Unter den Völkern, die heute zur Russischen Föderation gehören und seinerzeit dem russischen Imperialismus Widerstand leisteten, wird man außer Tschetschenen vermutlich nicht viele nennen können. Dabei fallen die meisten territorialen Eroberungen Russlands in die Neuzeit, sehr viele von diesen sind von unserer Zeit nicht weit entfernt: So wurde der erste russische Feldzug nach Sibirien erst 60 Jahre nach der Landung spanischer Konquistadoren in Mexico unternommen. Den Nordkaukasus eroberte Russland erst in der zweiten Hälfte des 19. Jahrhunderts.

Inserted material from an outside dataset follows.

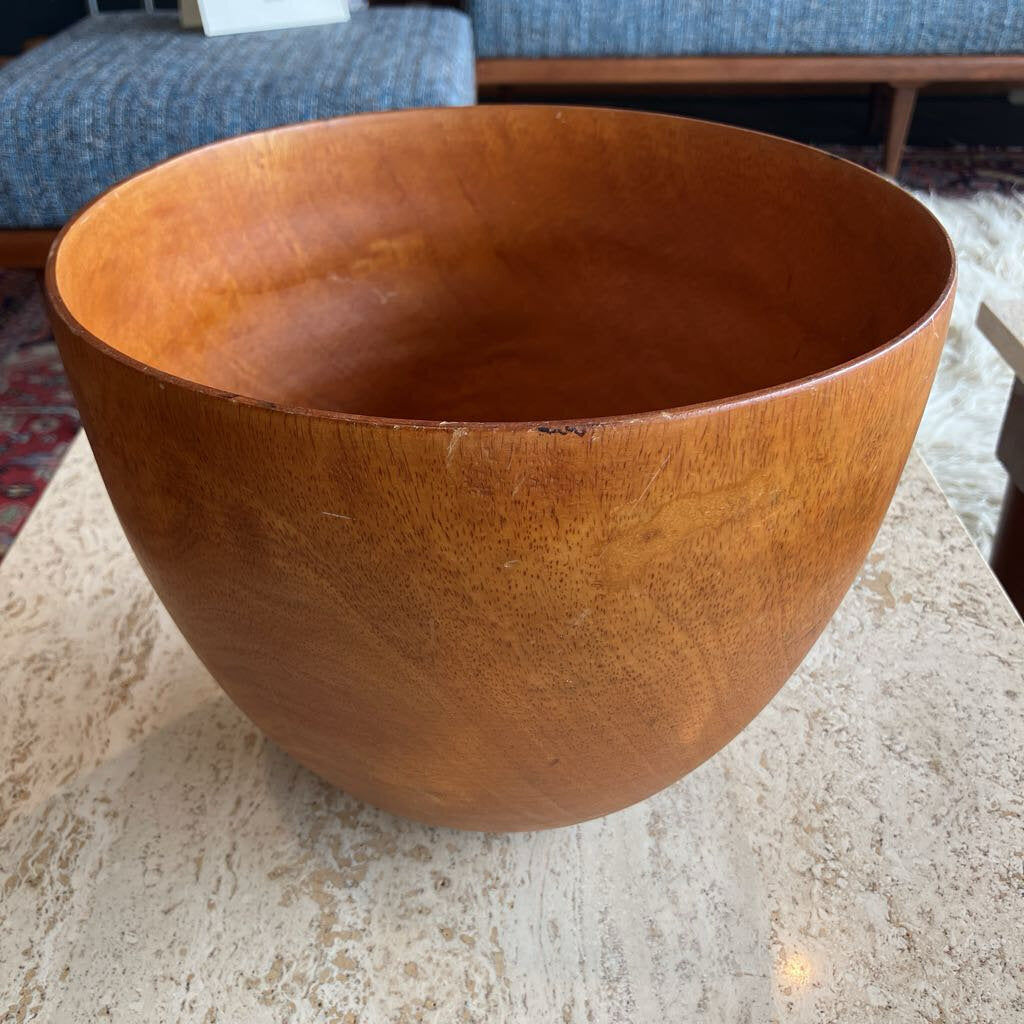 Vintage Hand-Turned Wooden Bahari Bowl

Die Eroberung des Nordkaukasus hinterließ zumindest in der russischen Kultur eine Spur, die einerseits durch das Aufblühen der russischen Literatur bedingt zu sein scheint ― insbesondere Dank des Einflusses der europäischen Romantik mit ihrer Faszination für das „Exotische“ und „Rebellische“ ―, und andererseits durch die hohe Zahl der Opfer (auch unter dem „adligen“ Teil der Bevölkerung), welche dieser brutale und Jahrzehnte lang dauernde Krieg auch auf der russischen Seite forderte.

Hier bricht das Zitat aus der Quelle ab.